Evolutionary blind alley
Market researcher YouGov has released its latest look at mobile broadband use in the UK. The key finding of the report is that people who use mobile computing devices with integrated 3G - mainly tablets - use mobile broadband significantly more than those using 3G dongles.
80 percent of 3G tablet owners use their device on a weekly basis, says YouGov, although it's not clear whether mobile broadband specifically is referred to. This compares to 60 percent of dongle owners. 3G tablet users also indulge in a wider variety of online activities on their devices - being much more likely to stream video, for example.
It stands to reason that integrated 3G, which in theory provides a seamless connectivity experience, is likely to be exploited more than a dongle. The table below shows that users with integrated 3G tend to spend more on their tariffs, presumably in anticipation of this greater use.
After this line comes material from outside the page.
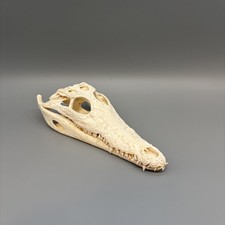 Original Krokodilschädel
As tablets become more ubiquitous, and people come to expect this kind of integrated mobile broadband experience, it seems likely that dongles will be less appealing and thus will sell less.
Juniper research reckons tablet shipments will reach 55 million by the end of this year, and 253 million units by 2016. Gartner, meanwhile, predicts total PC sales of 364 million this year and 404 million in 2012. It also reckons half of those will have integrated mobile broadband.
If we guess that PC numbers will hit, say, 600 million by 2016, then the tablet market will be almost half the size of the PC one. Windows 8 tablets will be well-established by then, and it's starting to look like people are equating ultra-mobile computing with tablets. This looks like bad news for the dongle market.